Exporting extension methods

export is great! It’s very nice to be able to make wrappers and not have to repeat all declarations on the wrapped type:

trait Foo {
  def method(a: Int): String
  def method2(a: Int, b: String): Unit = println(method(a) + b)
}

class FooImpl(val suffix: String) extends Foo {
  def method(a: Int): String = a.toString + suffix
}

class FooWrapper(foo: Foo) {
  export foo.*
}

I believe it’s the case that one can not forward methods defined in extensions. Certainly, the following doesn’t work

trait Foo {
  def method(a: Int): String
}
extension (foo: Foo) {
  def method2(a: Int, b: String): Unit = println(foo.method(a) + b)
}

class FooImpl(val suffix: String) extends Foo {
  def method(a: Int): String = a.toString + suffix
}


class FooWrapper(foo: Foo) {
  export foo.*
}
new FooWrapper(new FooImpl).method2(5, "f") // error

This may seem marginal, but it is particularly frustrating for typeclasses, where “member” functions are idiomatically defined using extension methods (IIUC):

trait Foo[T] {
  extension (t: T) {
    def method(a: Int): String
  }
}

class FooImpl(val suffix: String)

given Foo[FooImpl] with {
   extension (self: FooImpl) {
     def method(a: Int): String = a.toString + self.suffix
   }
}

new FooImpl("a").method(5) // works

class FooWrapper[T: Foo](foo: T) {
  export foo.* // does not export `method`
}

I think it’s reasonable that export doesn’t support this out of the box.

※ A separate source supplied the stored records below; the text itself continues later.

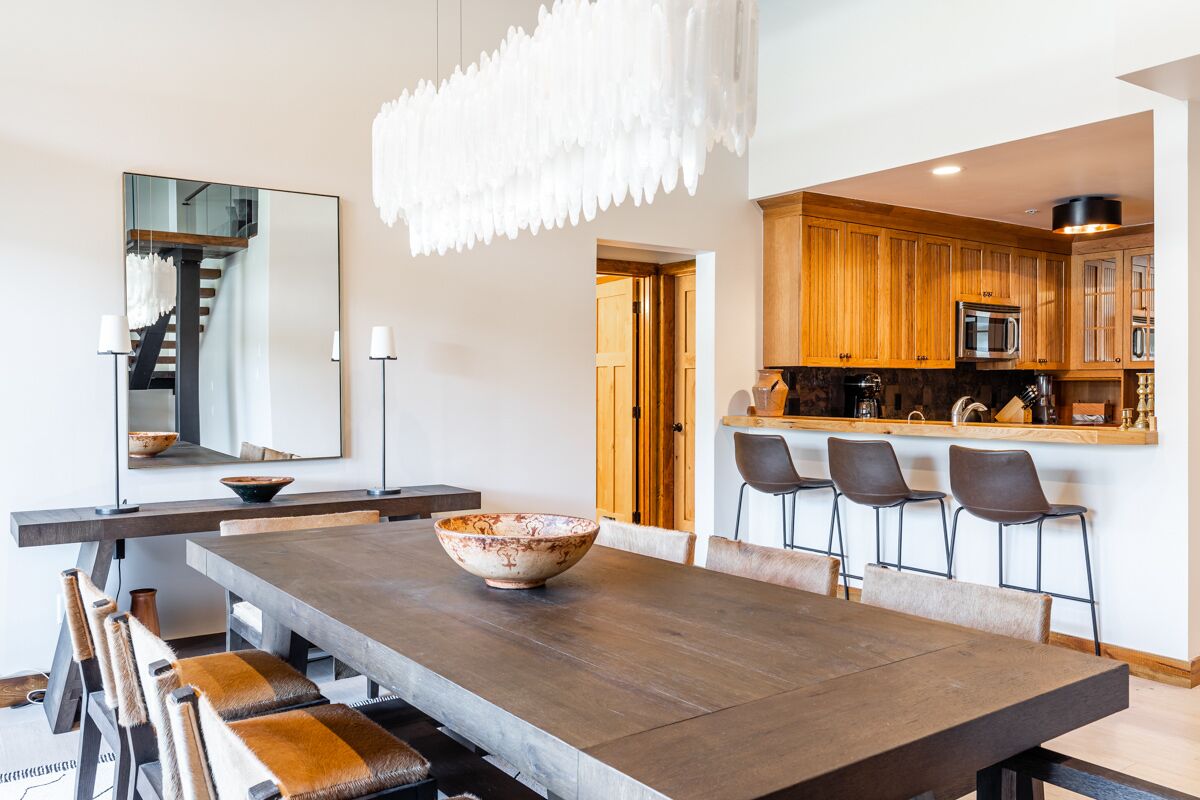 Luxurious 5-Bedroom Mountain Condo in Mountain Village Near Big Sky Resort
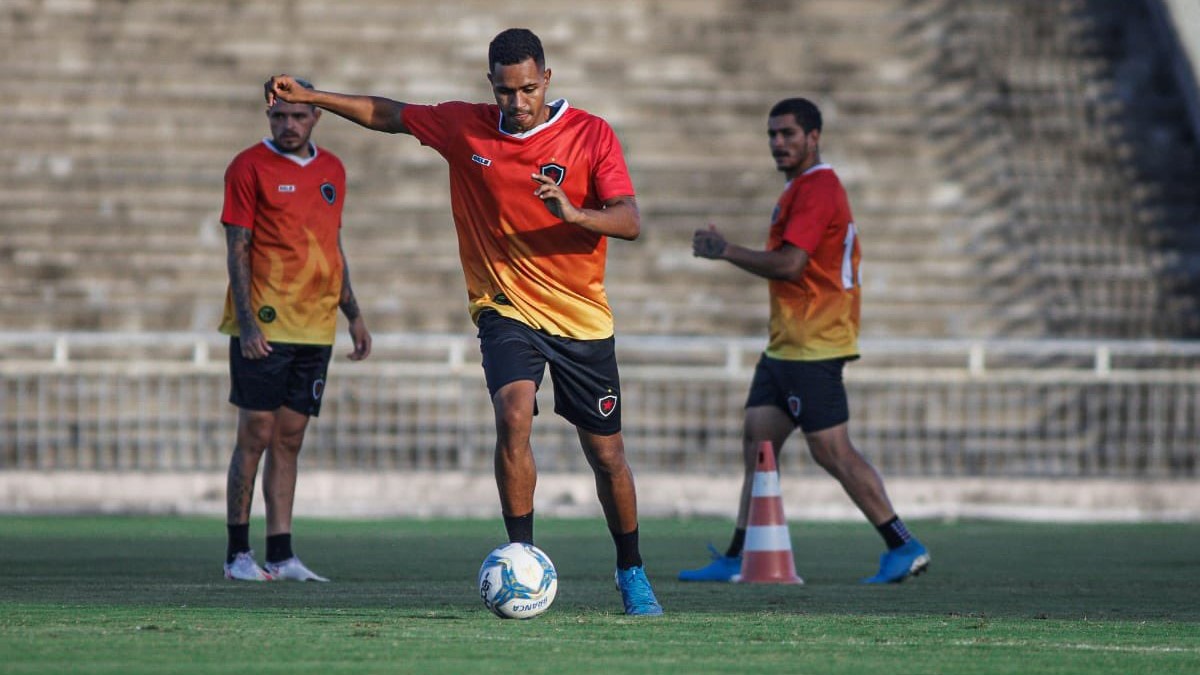 Com lesão no joelho, Lucas Gabriel desfalca Botafogo-PB por até nove meses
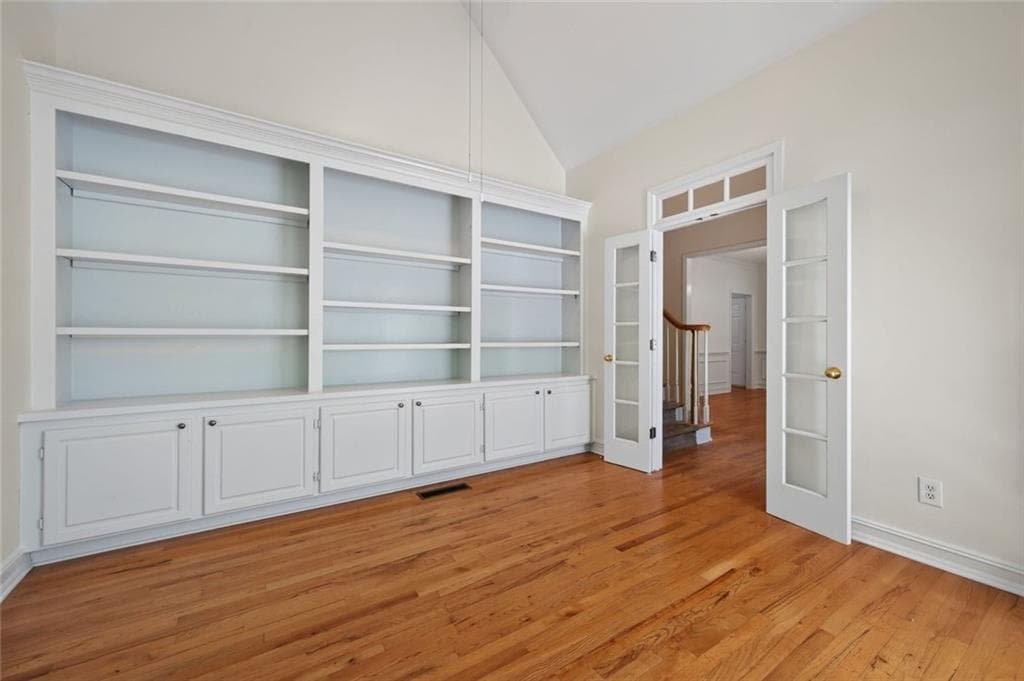 5 bedroom, 5 bathroom, 2,928 sq ft single family residence for sale at 6415 Wenham Court, Cumming, GA 30040 — photo 6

I’m wondering if there’s a pattern out there I don’t know about or if there’s a chance that something like export foo.extension could work (as export foo.given does now). I know that last one is tricky because extension is not a hard keyword.

I see that export does not work in this case for two reasons:

  1. because the signature of method has to change from (t: T)(a: Int): String to (a: Int): String, and export does not drop arguments
  2. export foo.* only looks at members defined on the class of foo, which is Any in this case, export does not look into implicit scope to find extensions for foo

the best to do is manually make forwarders - not ideal:

class FooWrapper[T: Foo](foo: T) {
  def method(a: Int) = foo.method(a)
}

Future Work
For your case to work, then export would need to employ implicit search to find all possible extensions, and remap their signatures to be ordinary methods on the enclosing scope. This could be submitted as a SIP

This would mean that any change to imports might affect binary compatibility, in particular I’m not sure that incremental compilation would be able to deal with this correctly.

Yes, that is true. I think it would be a reasonable restriction that you have to specifically export the scopes in which you expect to search for extension methods (something like export Foo.extension above).